Respondi que sim quanto à maça e à pasta de amendoim, mas que não estava tão segura quanto ao chocolate da Nutella… Disse-lhes que para aquele “extra” eu deveria ganhar alguns beijinhos deles em troca.
E então aconteceu o seguinte breve dialogo:
– Mas Mrs. Ouzounian eu lhe dei flores quando voltamos a pé da escola semana passada! Disse-me o amiguinho de meu filho.
– Sim, exatamente, a semana passada. Hoje é outro dia.
– Mas, eu lhe dei um desenho do meu carrinho na última reunião dos escoteiros! Insistiu ele.
– Sim Hayden, desenho que eu adorei. Mas isto foi outro dia…hoje é hoje. E hoje eu quero dois beijinhos pela Nutella. Meninas adoram beijos. Beijos são como comida para nós.
– Eca! Beijos não são comida mamãe! Interveio meu filhote mais novo, de quase 5 anos. Não são comida para meninos mamãe!

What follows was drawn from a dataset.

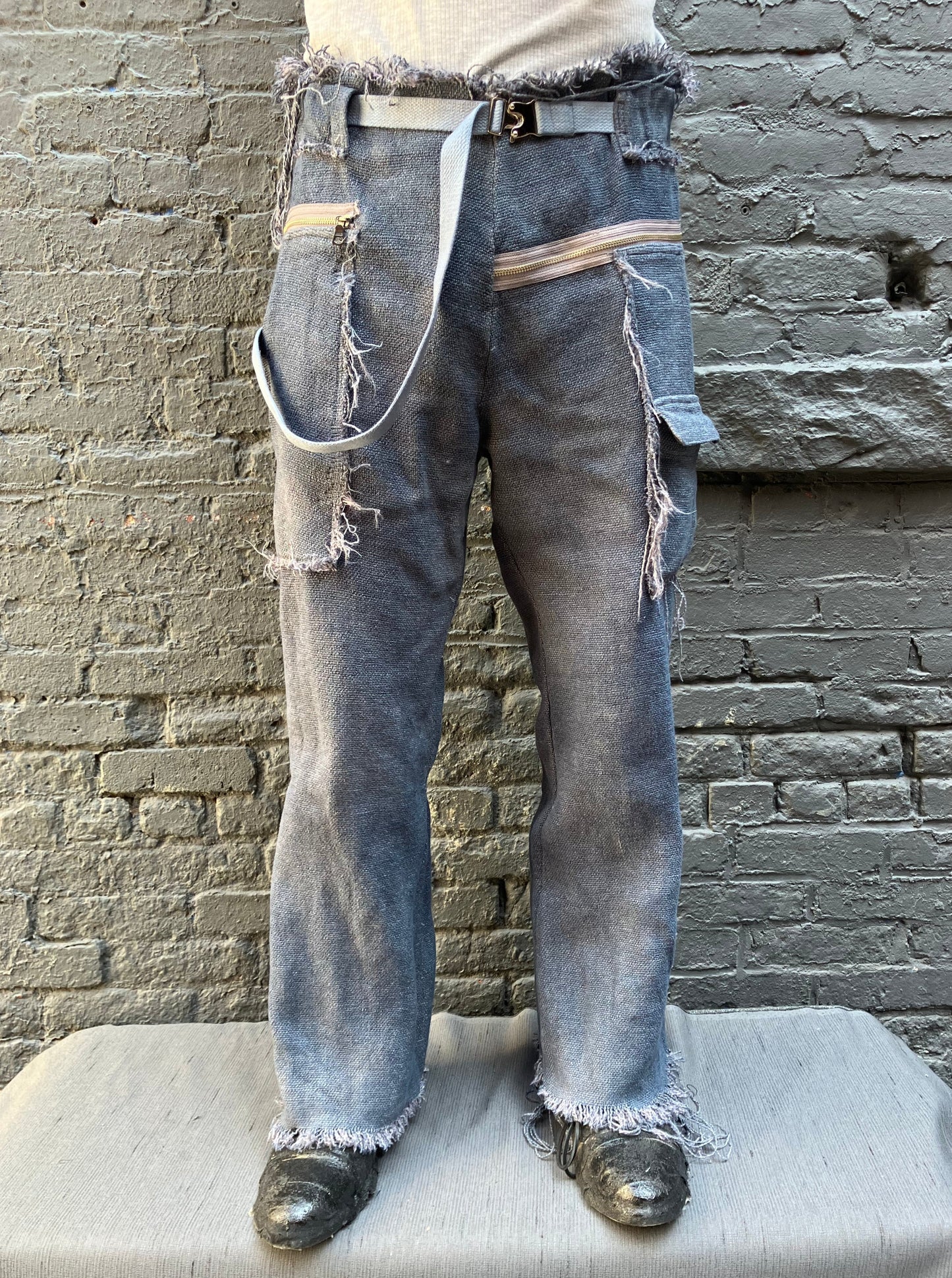 FW23 || ZIPPER BIG PANTS || 100% HEAVY LINEN - OD GREY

– Sim, não são Anthony… Disse eu não podendo conter um sorriso interno. Não são por enquanto meu filhinho, por enquanto…
E então olhei pelo retrovisor para aquelas carinhas mais fofas deste mundo, que no frescor de seus parcos anos guardavam tanta inocência, tanta pureza.

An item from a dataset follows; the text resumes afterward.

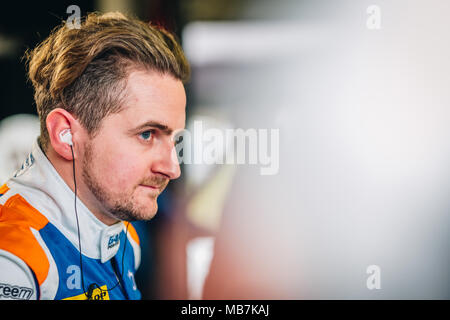 Longfield, Kent, Großbritannien. 8. April 2018. BTCC Rennfahrer Sam Tordoff und Team GardX Racing mit Motorbase während der Dunlop MSA British Touring Car Championship in Brands Hatch Indy Circuit (Foto: Gergo Toth/Alamy Live-Nachrichten) Stockfoto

Estacionei a caminhonete, eles saíram em disparada para brincar. E eu permaneci ali alguns minutos, sozinha, no silêncio de meu carro divagando:
-“Quando exatamente as engrenagens desta roda começam a girar de forma contraria?
Quando passaremos de a princesa (especialmente se você tiver o privilégio de ter só meninos em casa) para a “quadrada” (ou qualquer outro adjetivo que, segundo adolescentes, nomeiam todo o resto da humanidade que não saiba tudo como eles)?

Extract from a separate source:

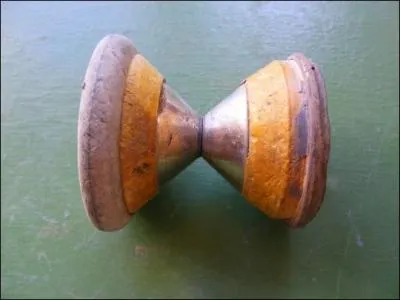 Instrument de la jonglerie, en bois et mtal :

Quando passaremos da fase de pedir que desliguem o joguinho do celular (e venham jantar) para pedir que desliguem a menina do outro lado da linha (e venham comer a comida)?
Infinita sabedoria do Criador que faz com tais engrenagens virem paulatina, vagarosa e homeopaticamente. Todo dia uma gotinha, todo dia um passinho minúsculo à frente. Neste assunto, a não transpassar os corações de todas as mamães, toda cautela se faz mesmo absolutamente imprescindível. Aqui, como diria Guimarãe Rosa, “devagar já é depressa”.
O espaçamento e diluição no tempo dos fatos faz com que o momento de dividi-los com o mundo não seja assim, talvez, tão dilacerante como o seria se ele ocorre-se do dia para noite.
“Talvez” vejam bem disse eu, talvez…
E aqui permitam-me contar-lhes uma história com a qual sinto total familiaridade. Foi me contada por um amigo do meio oeste americano, um destes tipos “simples” que não se entregam a over analyzing t-o-d-o e qualquer assunto ou que nem tão pouco dão a mínima pelota à ditadura do politicamente correto.
Ele nasceu e cresceu no meio oeste, não na “moderninha” Califórnia onde vivo.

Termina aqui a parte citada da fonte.